**EXERCISE DETAILS:**
Would you return the lines between the one holding "在雨天骑自行车的快递员" and the one holding "Вымыть и хорошо обсушить мякоть свинины.", inclusive, and only those, exactly as they stand in the listing below?

**EXTRACTED INFORMATION:**
·····

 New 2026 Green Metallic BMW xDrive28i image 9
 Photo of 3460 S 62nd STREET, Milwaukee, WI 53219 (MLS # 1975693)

·····

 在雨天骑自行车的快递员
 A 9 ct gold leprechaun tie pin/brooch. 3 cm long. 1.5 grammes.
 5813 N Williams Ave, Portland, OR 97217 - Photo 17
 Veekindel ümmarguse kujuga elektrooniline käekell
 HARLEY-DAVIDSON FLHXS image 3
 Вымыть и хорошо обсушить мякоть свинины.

·····

**RESPONSE:**
 在雨天骑自行车的快递员
 A 9 ct gold leprechaun tie pin/brooch. 3 cm long. 1.5 grammes.
 5813 N Williams Ave, Portland, OR 97217 - Photo 17
 Veekindel ümmarguse kujuga elektrooniline käekell
 HARLEY-DAVIDSON FLHXS image 3
 Вымыть и хорошо обсушить мякоть свинины.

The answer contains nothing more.